- _Task item_
Leave out the pictures and transcribe the rest of the records exactly.

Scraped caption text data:
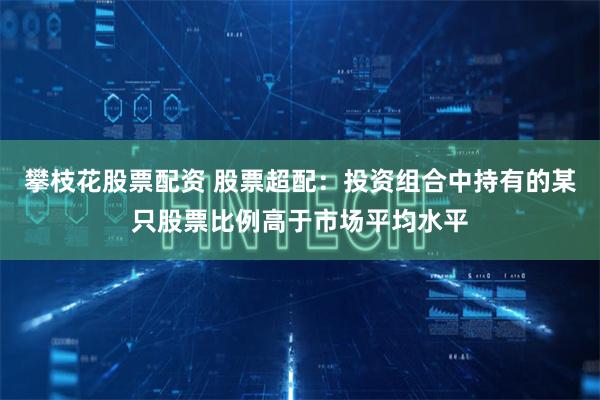 攀枝花股票配资 股票超配：投资组合中持有的某只股票比例高于市场平均水平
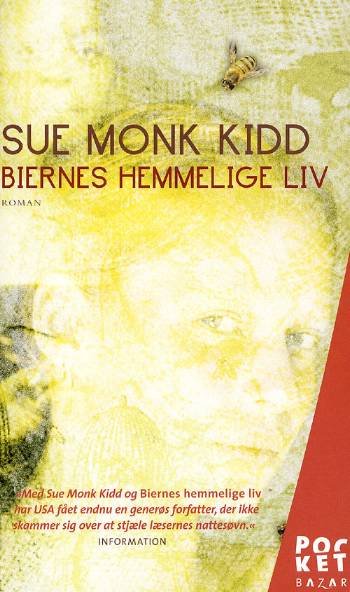 Cover for Sue Monk Kidd · Biernes hemmelige liv (Paperback Book) [3º edição] (2008)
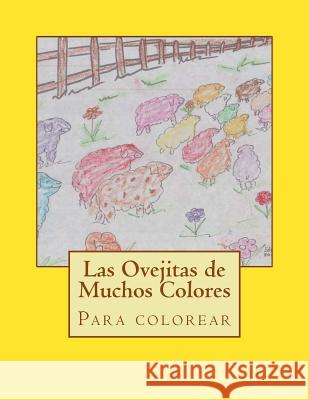 Las Ovejitas de Muchos Colores: Para Colorear MS Maria Del Carmen Guzman 9780985563967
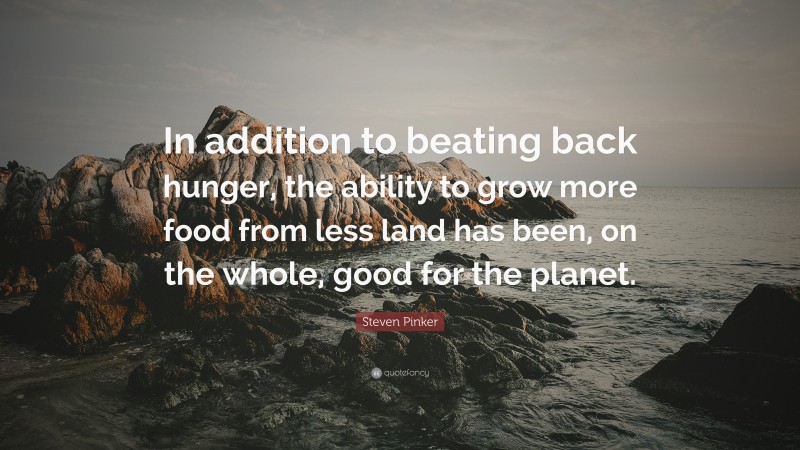 Steven Pinker Quote: “In addition to beating back hunger, the ability to grow more food from less land has been, on the whole, good for the planet.”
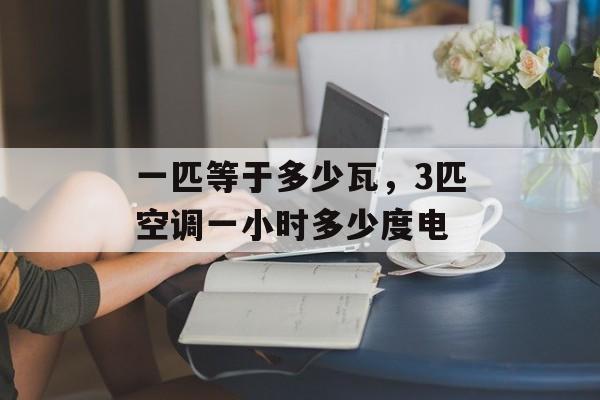 一匹等于多少瓦，3匹空调一小时多少度电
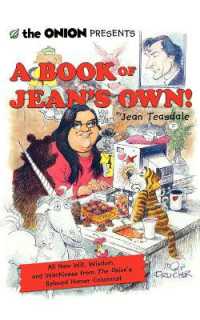 The Onion Presents a Book of Jean's Own! : All New Wit， Wisdom and Wackiness from the Onion's Beloved Humour Columnist
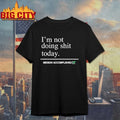I’m Not Doing Shit Today Shirt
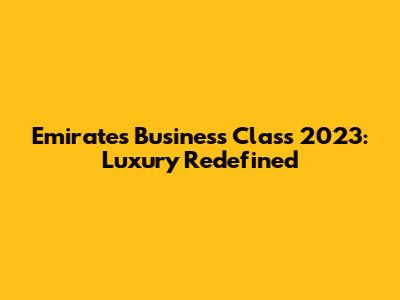 Emirates Business Class 2023: Luxury Redefined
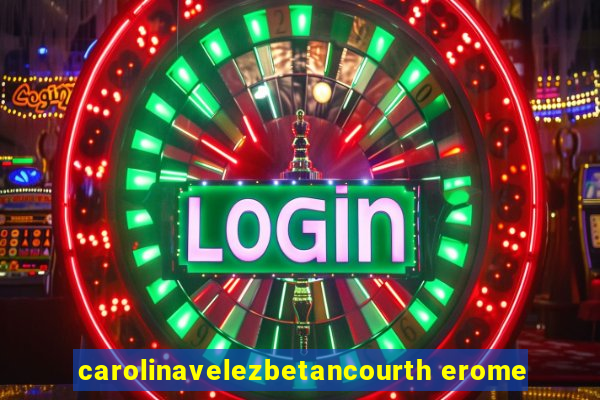 carolinavelezbetancourth erome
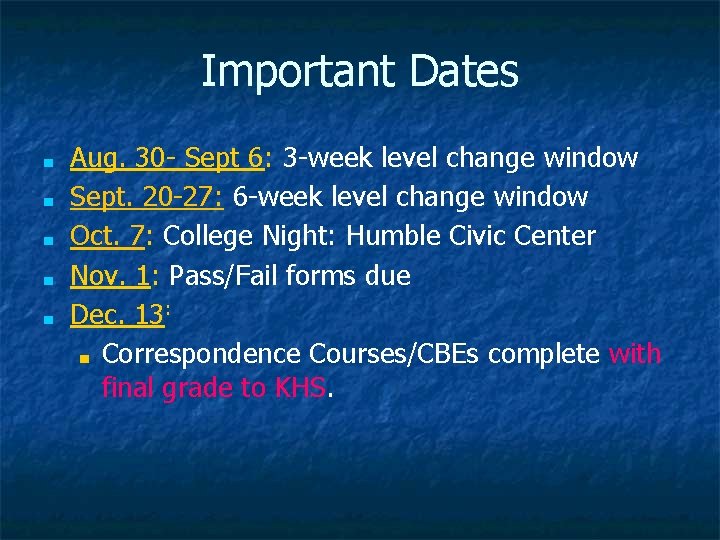 Important Dates ■ ■ ■ Aug. 30 - Sept 6: 3 -week level change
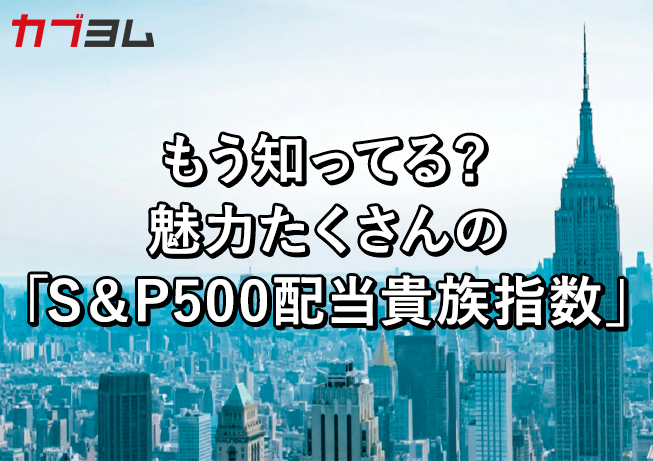 もう知ってる？ 魅力たくさんの「S&P500配当貴族指数」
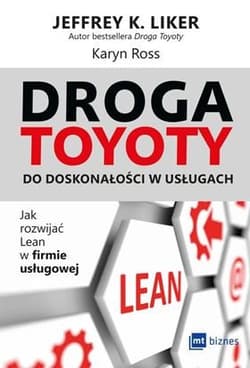 Droga Toyoty do doskonałości w usługach Jak rozwijać lean w firmie usługowej - Ross Karyn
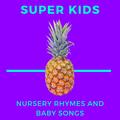 Super Kids Nursery Rhymes and Baby Songs
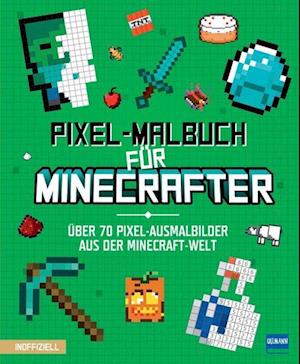 Cover for Vladimir „ZloyXP“ Subbotin · Pixel-Malbuch für Minecrafter - Über 70 Pixel-Ausmalbilder aus der Minecraft-Welt (Book) (2024)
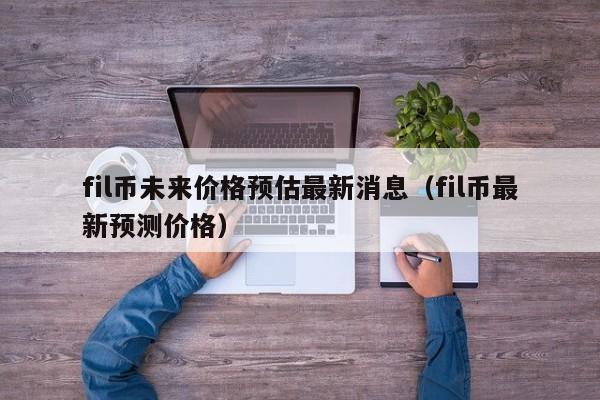 fil币未来价格预估最新消息（fil币最新预测价格）-第1张图片-科灵网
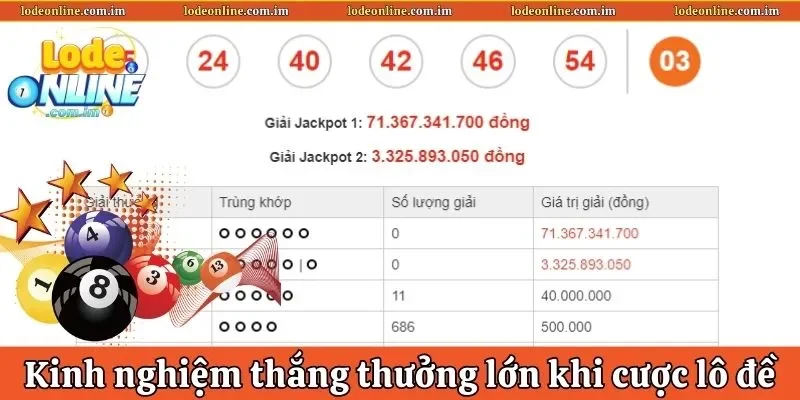 Kinh nghiệm thắng thưởng lớn khi cược lô đề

- _Response to the exercise_
 攀枝花股票配资 股票超配：投资组合中持有的某只股票比例高于市场平均水平
 Cover for Sue Monk Kidd · Biernes hemmelige liv (Paperback Book) [3º edição] (2008)
 Las Ovejitas de Muchos Colores: Para Colorear MS Maria Del Carmen Guzman 9780985563967
 Steven Pinker Quote: “In addition to beating back hunger, the ability to grow more food from less land has been, on the whole, good for the planet.”
 一匹等于多少瓦，3匹空调一小时多少度电
 The Onion Presents a Book of Jean's Own! : All New Wit， Wisdom and Wackiness from the Onion's Beloved Humour Columnist
I’m Not Doing Shit Today Shirt
 Emirates Business Class 2023: Luxury Redefined
 carolinavelezbetancourth erome
 Important Dates ■ ■ ■ Aug. 30 - Sept 6: 3 -week level change
 もう知ってる？ 魅力たくさんの「S&P500配当貴族指数」
 Droga Toyoty do doskonałości w usługach Jak rozwijać lean w firmie usługowej - Ross Karyn
 Super Kids Nursery Rhymes and Baby Songs
 Cover for Vladimir „ZloyXP“ Subbotin · Pixel-Malbuch für Minecrafter - Über 70 Pixel-Ausmalbilder aus der Minecraft-Welt (Book) (2024)
 fil币未来价格预估最新消息（fil币最新预测价格）-第1张图片-科灵网
 Kinh nghiệm thắng thưởng lớn khi cược lô đề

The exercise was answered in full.